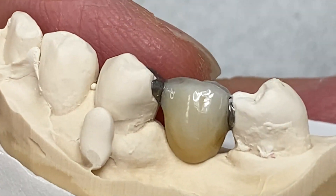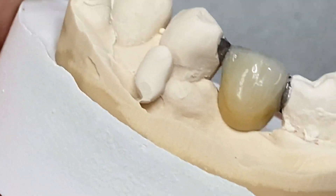The glaze with light cure. It's a great job, great vitality.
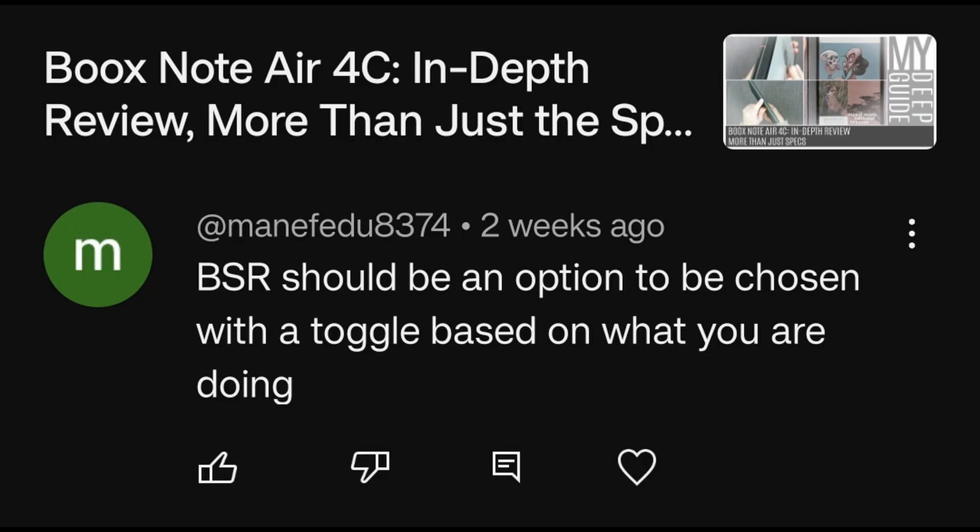BSR should be an option to be chosen with a toggle based on what you are doing. I think I actually agree with that — it would be good to have BSR as an option in the e-ink center for each of the refresh modes, or at the very least to inform the user which refresh mode is using BSR and which one isn't. Because right now, the normal and HD modes seem to not use BSR while the other modes are using BSR. More transparency and more control on that would certainly be a welcome thing.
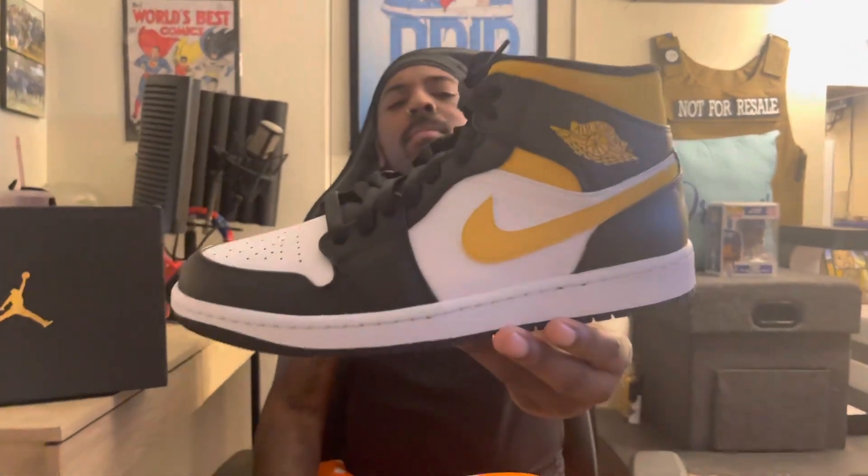Let me know what y'all think about the Air Jordan 1 Mid Pollen. Like, subscribe, share — follow my Twitter, my Instagram is in the description below. Click the notification bell so every time I post new content you will be notified. And as always, from your host Toon, aka your favorite sneakerhead, representing Toon's Kicks and the whole Toon Squad — you know what to do. Have a nice day.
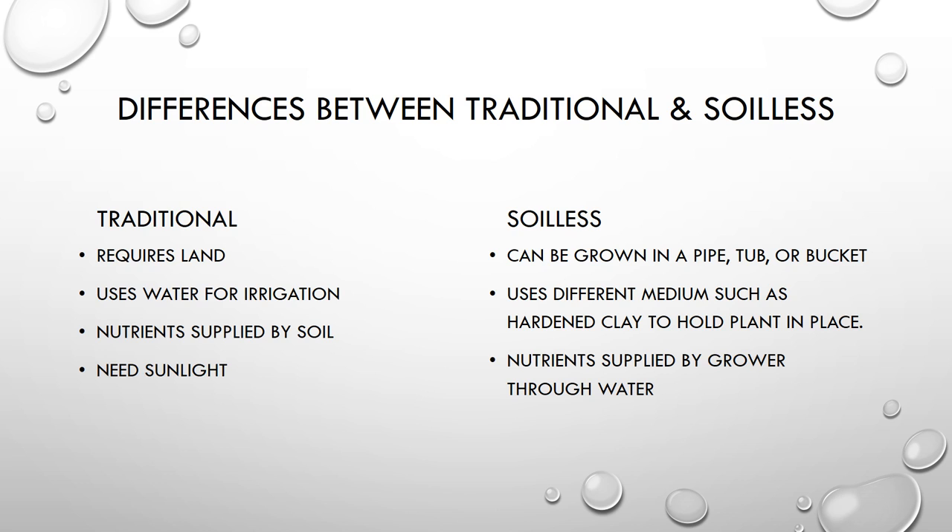I've seen people use hardened clay pellets, lava rocks, or washed gravel — it all depends on the grower and what they decide to use. The nutrients are also supplied by the grower through the water. Like I mentioned, I learned about two systems — hydroponics and aquaponics — and we're going to get into them, learn a little more about each, and then talk about their pros and cons.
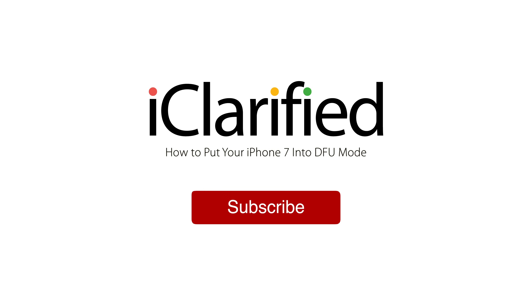Please see the text version of this tutorial for more details, and remember to follow or subscribe to iClarified for more Apple news, videos, and tutorials.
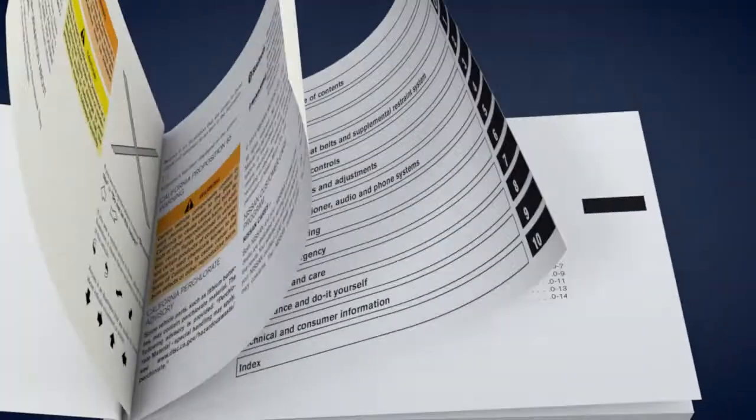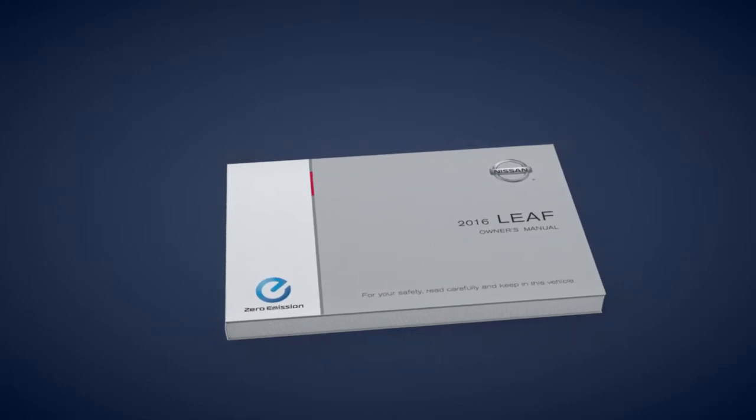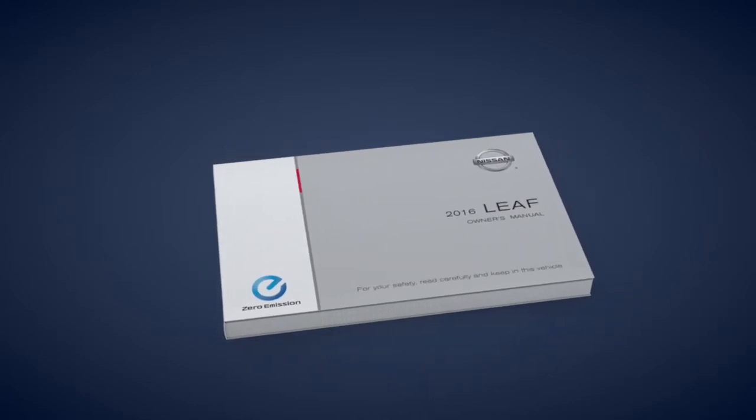Please see your owner's manual for important safety information, system limitations, and additional operating information.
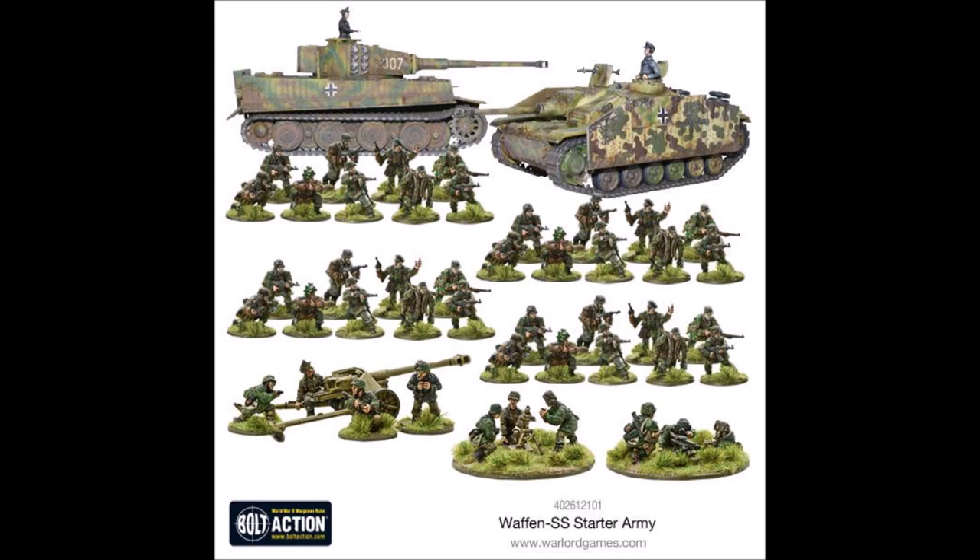One little side note about these three support weapons: the crew that mans them is not standard German Grenadier crew. It comes with a set of unique German SS models, so they've all got the camouflage and unique uniforms as well. I really like that Warlord Games does this — they go the extra mile and give each faction within a nation its own unique war machine crew, which is just really cool.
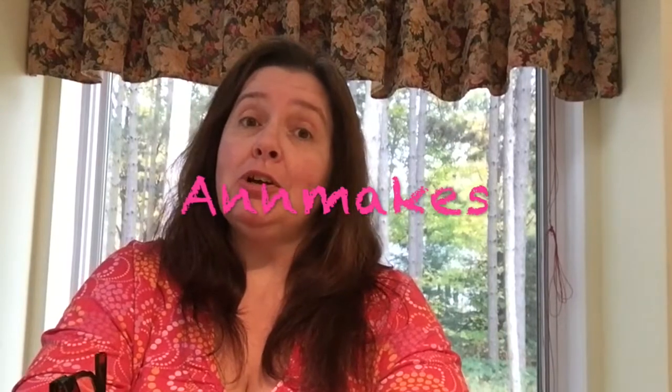Hi everyone! It's Anne here from Anne Makes on YouTube and also Anne Makes at AnneMakes.blogspot.com, the blog where I share a ton of DIYs, how-tos, lots of crafting projects, product reviews, project tutorials, tips and tricks on how to do things in your crafting. There's tons of stuff and I would really appreciate if you checked it out — I could use some more followers.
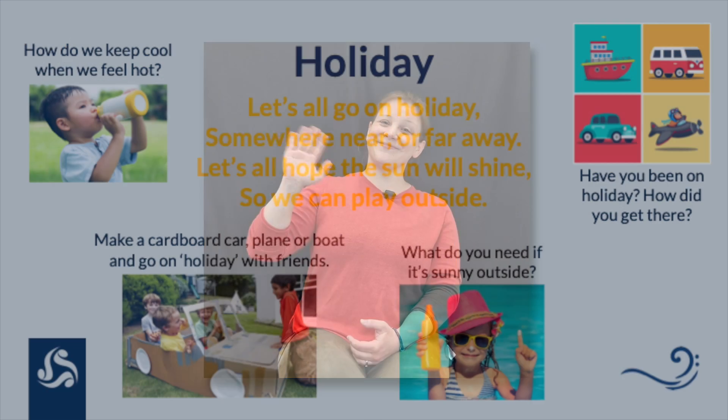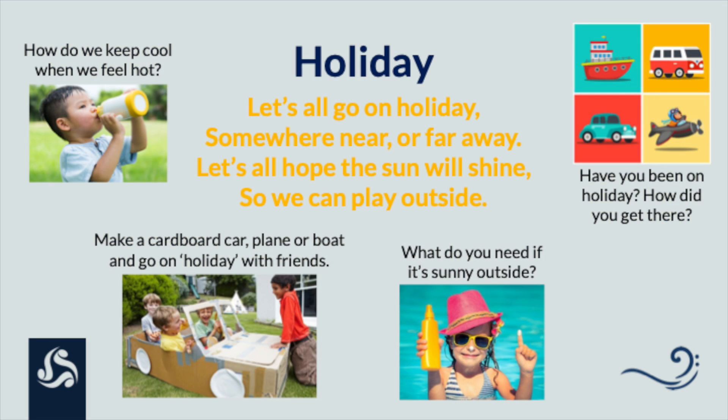Super job everyone! There are some activities on the next screen for you to have a go at. Bye for now! Let's all go on holiday to somewhere near or far away.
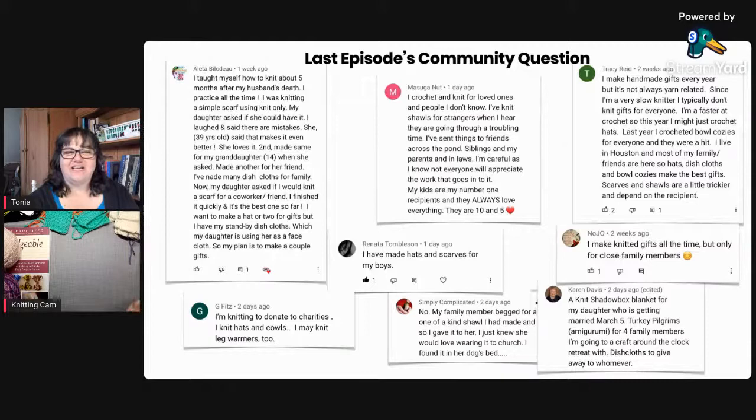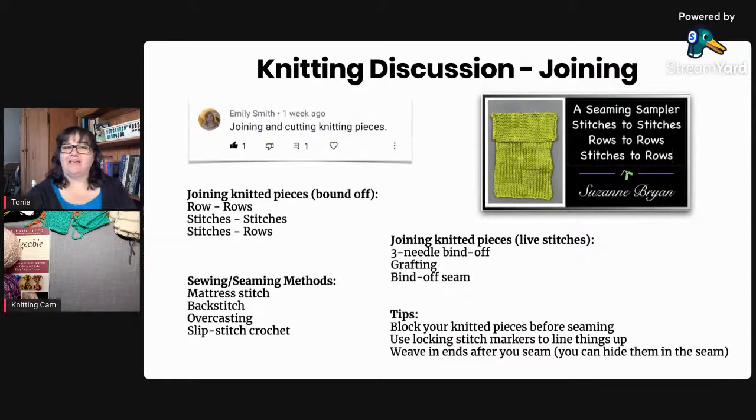Now we're diving into our topic for the week: joining knitted pieces. You can join pieces that are already bound off, or join pieces where stitches are still live on your needle — grafting them together or using a three-needle bind-off. Today we'll focus on bound-off pieces. The most common seaming methods I found in my technique books are mattress stitch, backstitch, overcasting, and slip stitch crochet. Mattress stitch is my preferred because the front of your fabric is always facing you as you work.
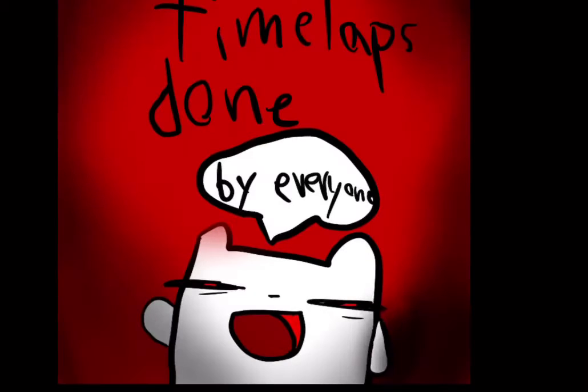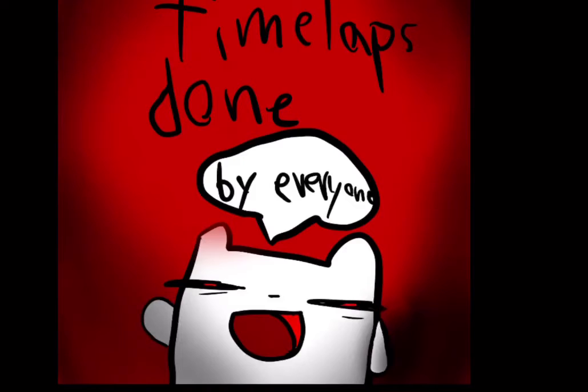Thanks for watching and I hope you enjoyed it, because I really enjoyed it and I worked super hard on it. So maybe if I get a lot of likes, tons of views, and tons of comments, I might make a part two or a video about the collection I have with foam heads. All right, thank you guys for watching and I'll see you next time, bye.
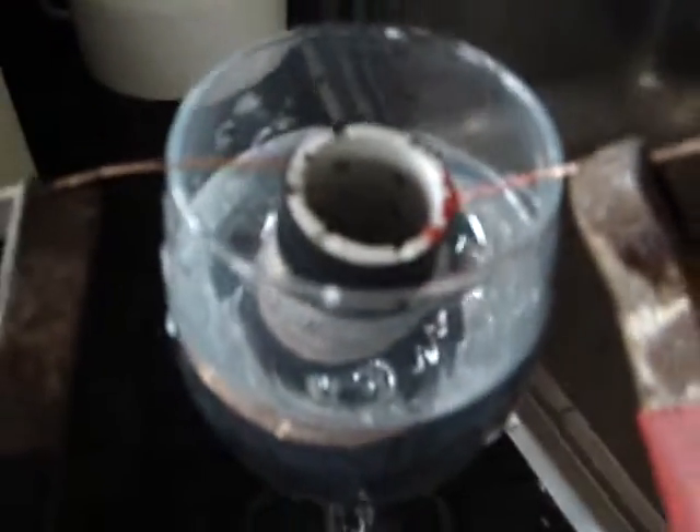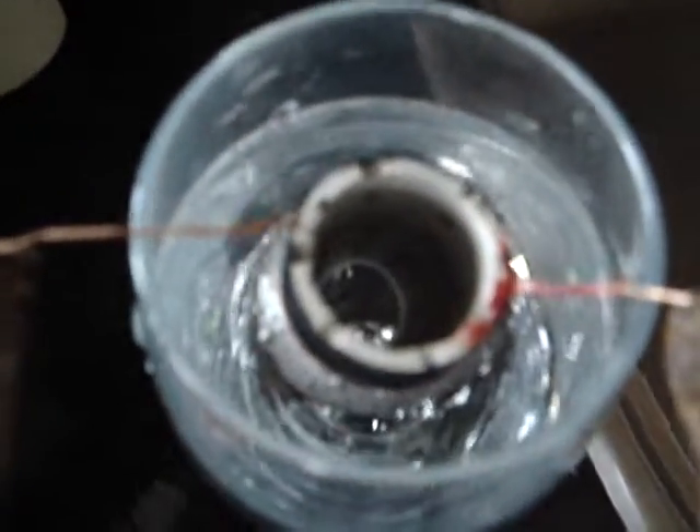Okay, we're running it at about half an amp. I don't know if you can see that from such a small little thing — not going to set the world on fire, but it's definitely producing hydroxy there.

━━━━━━━━━━━━━━━━━━━━

What the task asks:
Write out, word for word, the stretch of entries that begins at the line with "Hi everyone! It's" and ends at the line with "Now we're diving". Pictures do not belong in it.

Exercise answer:
Hi everyone! It's Anne here from Anne Makes on YouTube and also Anne Makes at AnneMakes.blogspot.com, the blog where I share a ton of DIYs, how-tos, lots of crafting projects, product reviews, project tutorials, tips and tricks on how to do things in your crafting. There's tons of stuff and I would really appreciate if you checked it out — I could use some more followers.
Super job everyone! There are some activities on the next screen for you to have a go at. Bye for now! Let's all go on holiday to somewhere near or far away.
Now we're diving into our topic for the week: joining knitted pieces. You can join pieces that are already bound off, or join pieces where stitches are still live on your needle — grafting them together or using a three-needle bind-off. Today we'll focus on bound-off pieces. The most common seaming methods I found in my technique books are mattress stitch, backstitch, overcasting, and slip stitch crochet. Mattress stitch is my preferred because the front of your fabric is always facing you as you work.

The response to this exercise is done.